YOUR GOAL – Exactly as they appear below, repeat the lines from the one with "Картинка - Компрессор" through the one with "Ciencias E * Valence". Drop every picture.

DATA EXTRACT –
*****
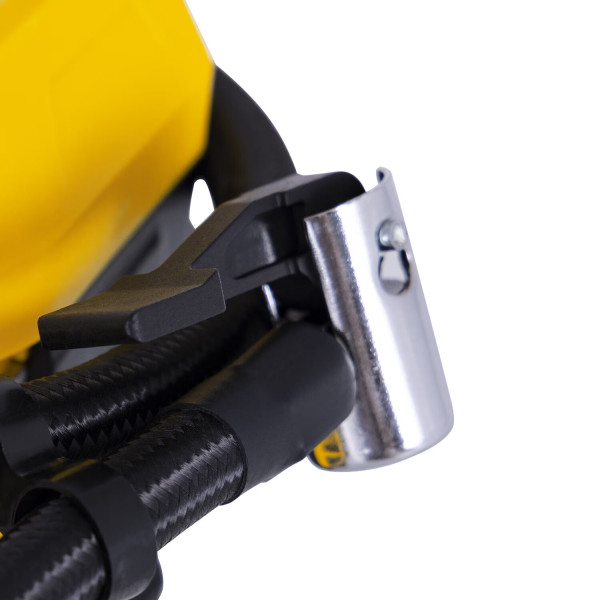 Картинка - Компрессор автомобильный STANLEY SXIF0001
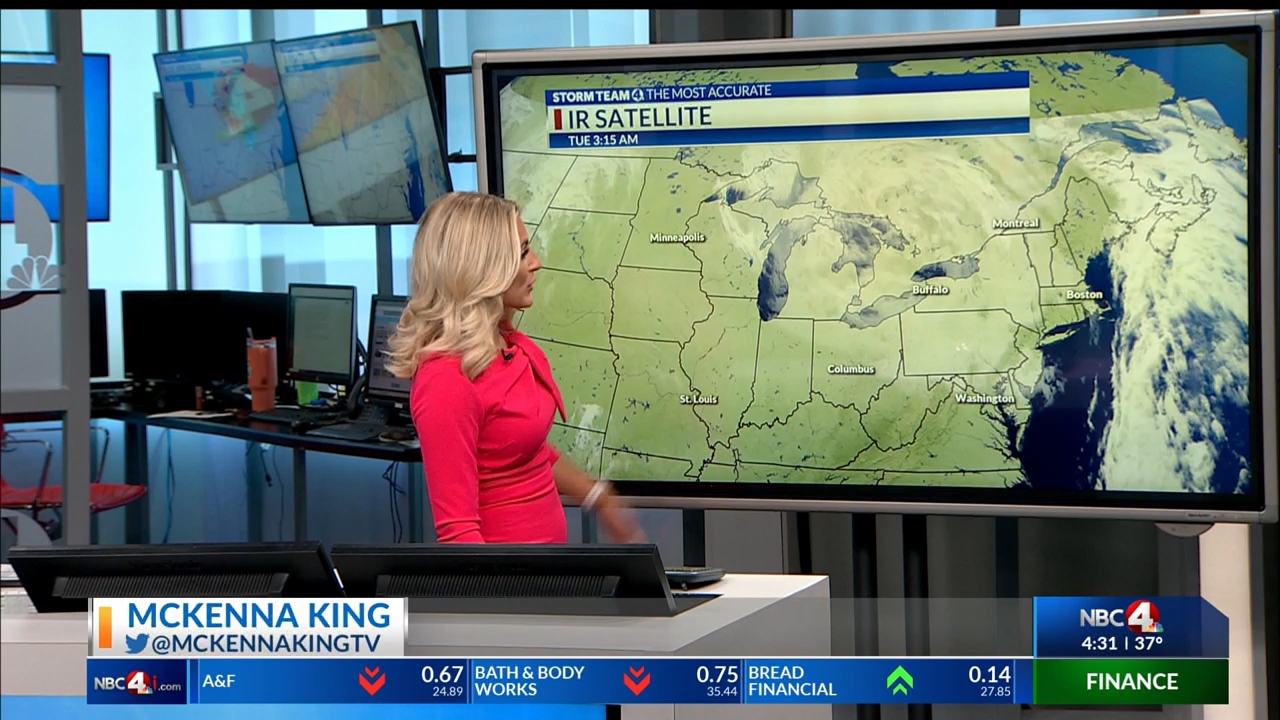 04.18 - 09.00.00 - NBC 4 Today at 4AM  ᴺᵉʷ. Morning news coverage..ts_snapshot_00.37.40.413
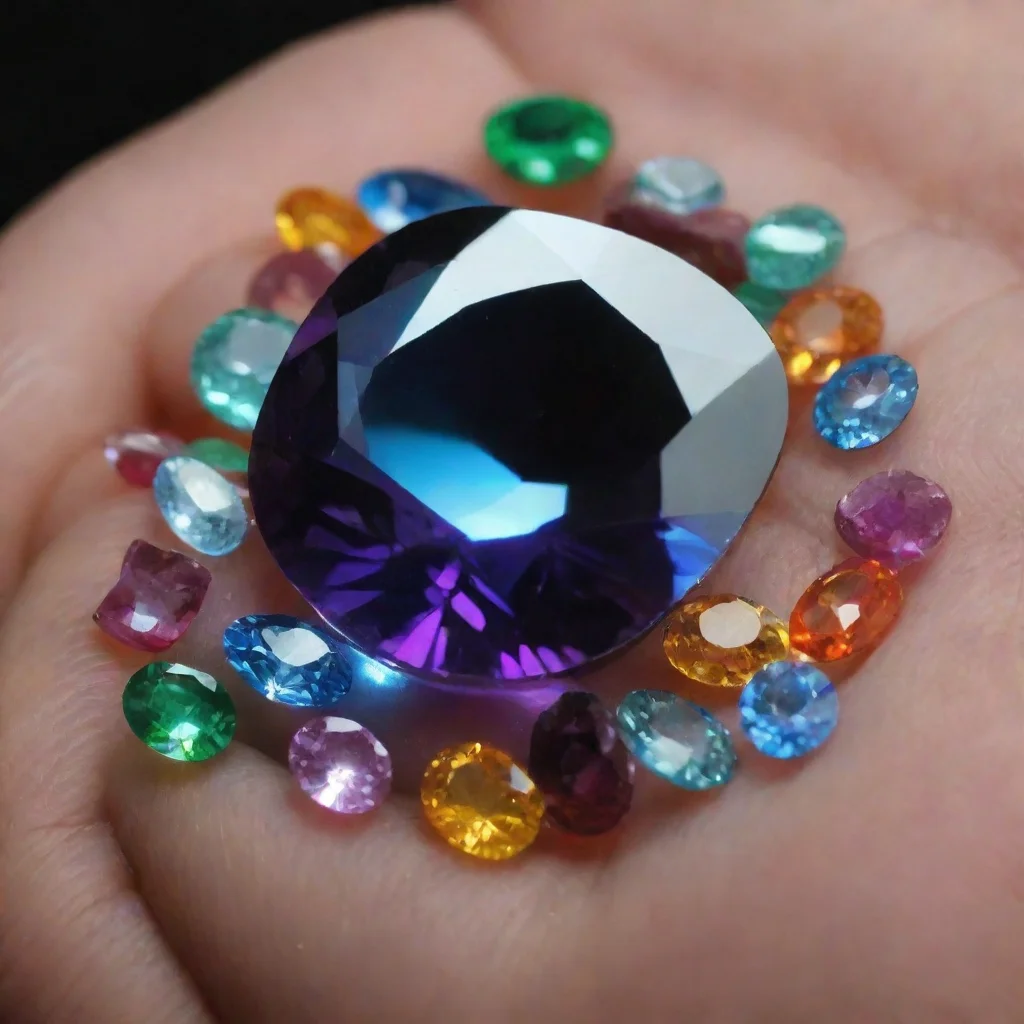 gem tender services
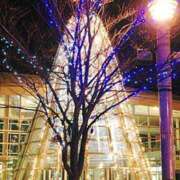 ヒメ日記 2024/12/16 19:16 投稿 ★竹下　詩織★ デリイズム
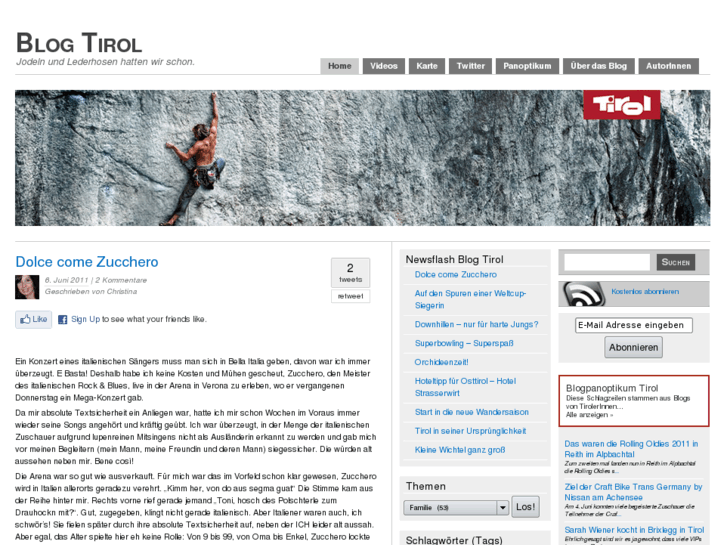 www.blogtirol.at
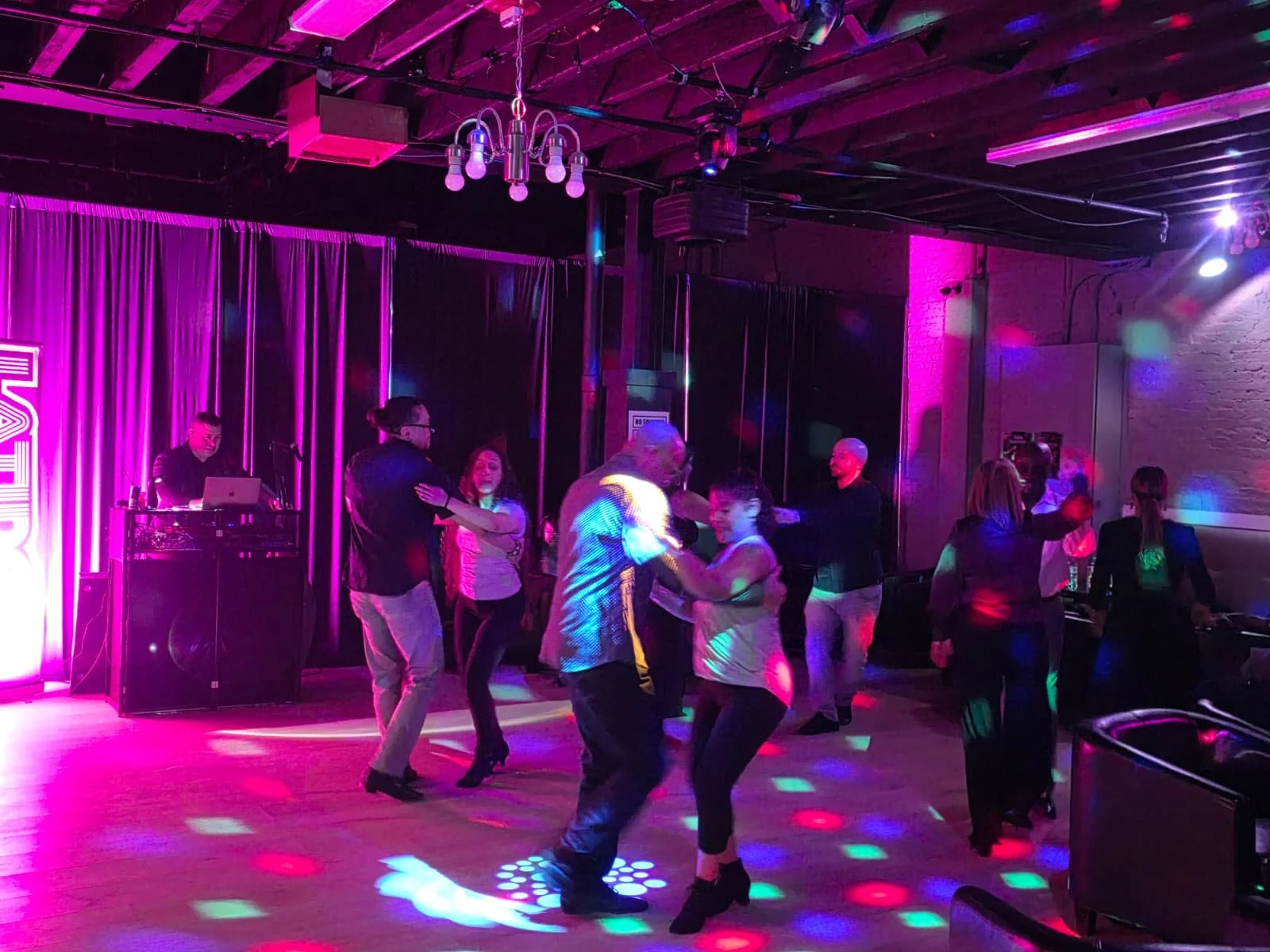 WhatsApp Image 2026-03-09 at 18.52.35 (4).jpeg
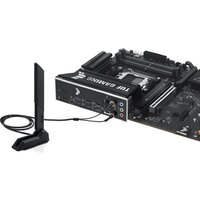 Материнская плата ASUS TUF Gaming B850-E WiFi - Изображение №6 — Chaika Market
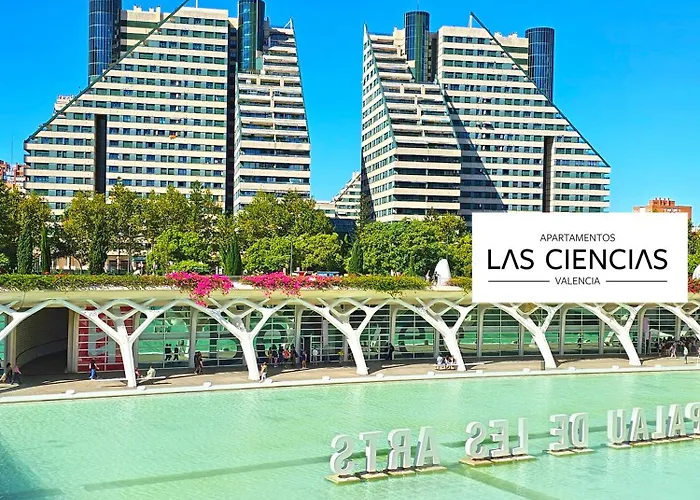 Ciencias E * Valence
*****
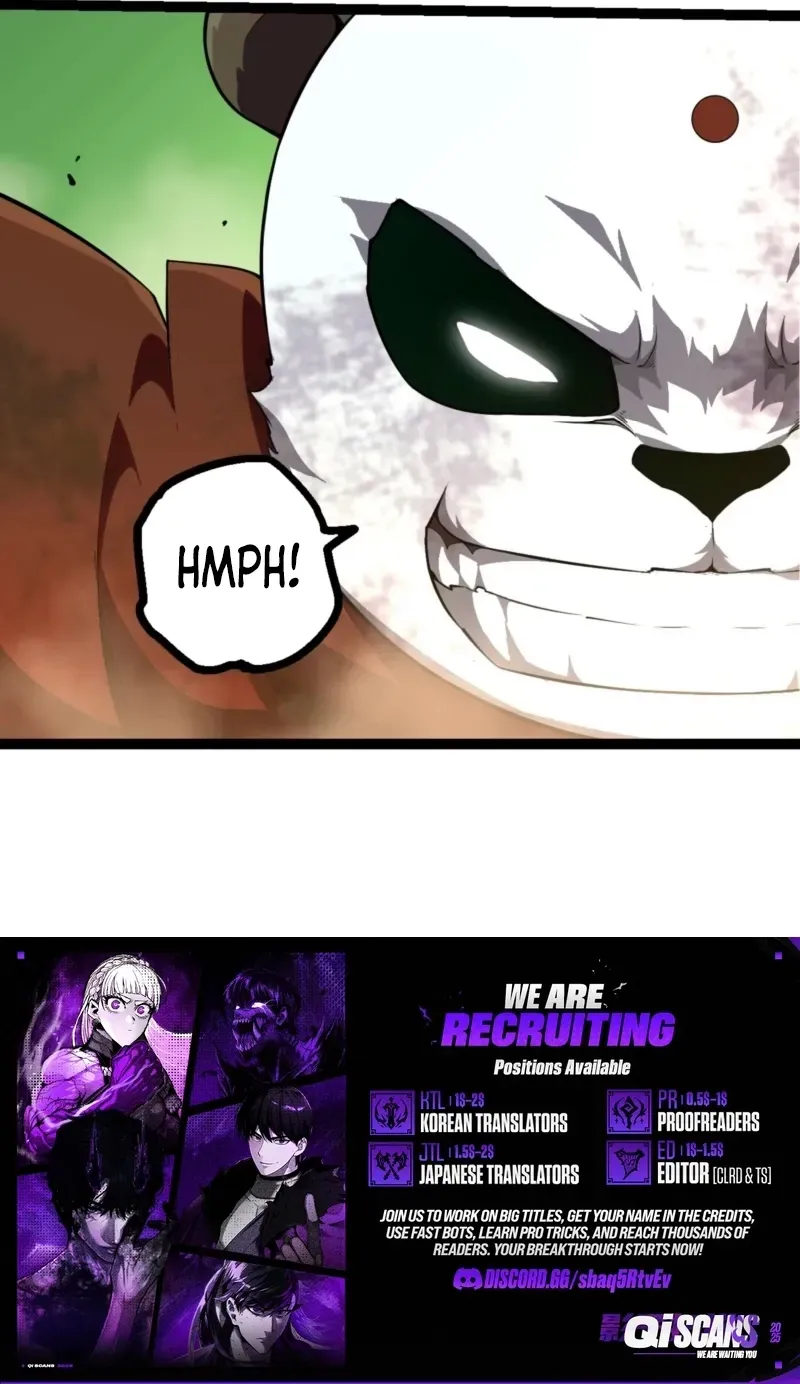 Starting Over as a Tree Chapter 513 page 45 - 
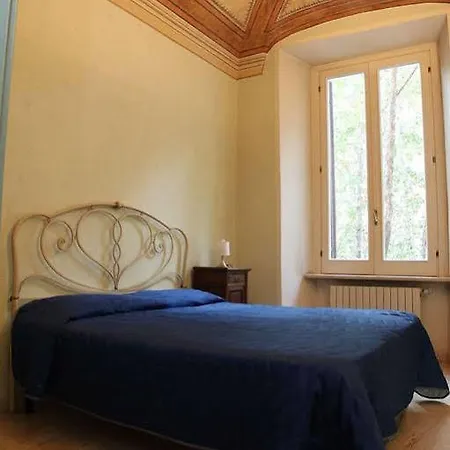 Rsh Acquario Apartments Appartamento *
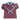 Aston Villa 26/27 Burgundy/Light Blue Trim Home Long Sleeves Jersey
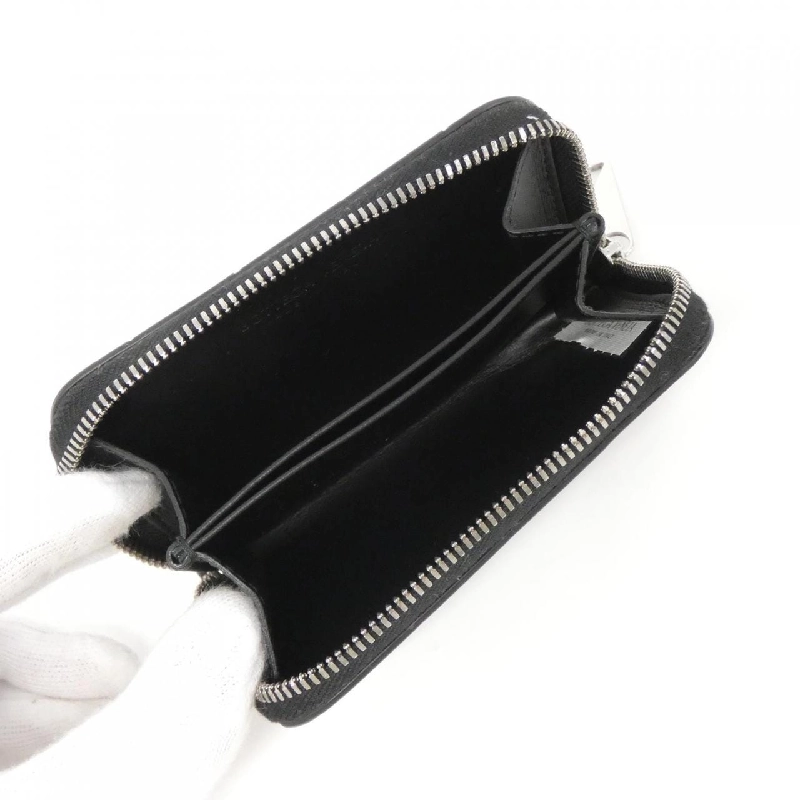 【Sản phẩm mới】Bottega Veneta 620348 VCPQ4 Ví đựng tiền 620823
*****
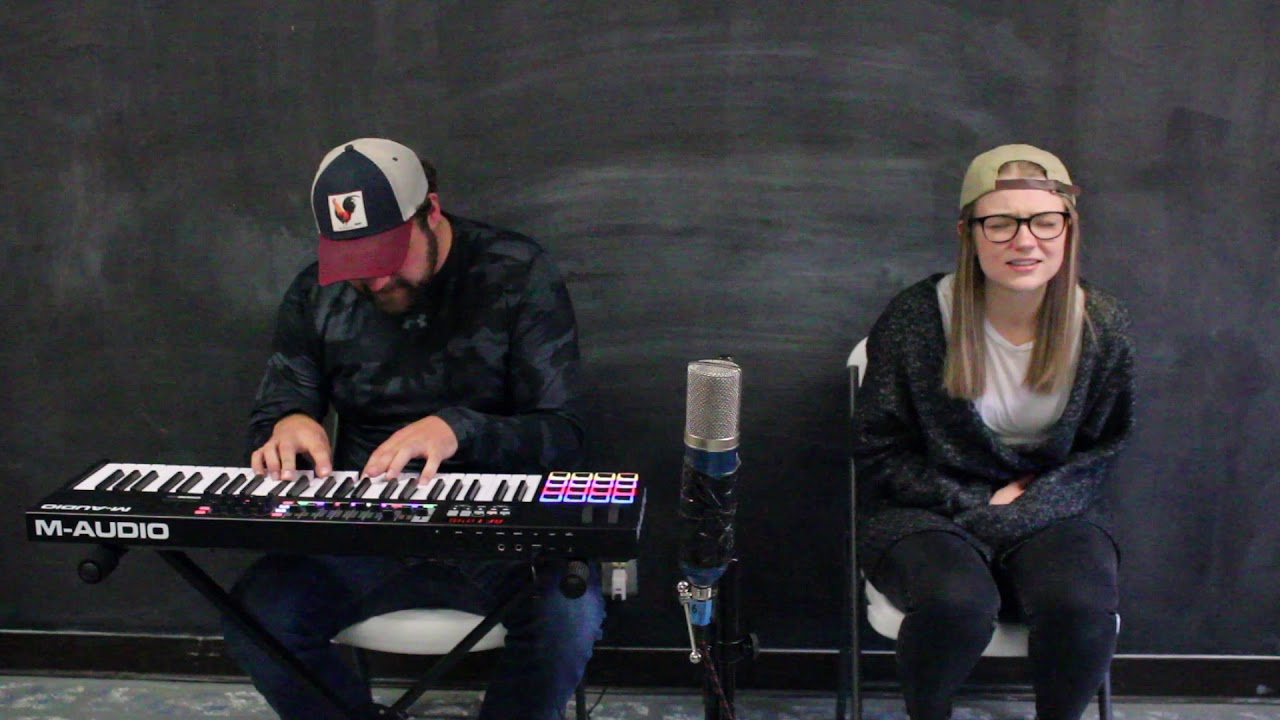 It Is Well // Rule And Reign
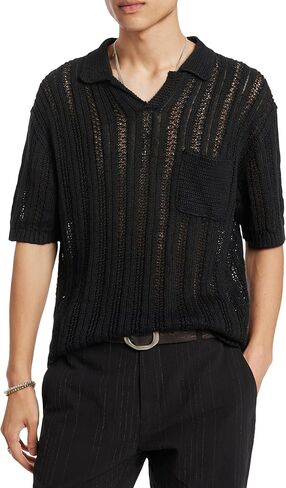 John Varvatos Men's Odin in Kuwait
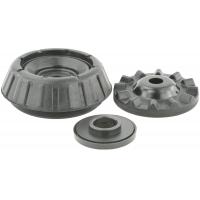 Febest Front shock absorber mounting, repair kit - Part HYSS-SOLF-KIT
*****
THE ANSWER –
 Картинка - Компрессор автомобильный STANLEY SXIF0001
 04.18 - 09.00.00 - NBC 4 Today at 4AM  ᴺᵉʷ. Morning news coverage..ts_snapshot_00.37.40.413
 gem tender services
 ヒメ日記 2024/12/16 19:16 投稿 ★竹下　詩織★ デリイズム
 www.blogtirol.at
 WhatsApp Image 2026-03-09 at 18.52.35 (4).jpeg
 Материнская плата ASUS TUF Gaming B850-E WiFi - Изображение №6 — Chaika Market
 Ciencias E * Valence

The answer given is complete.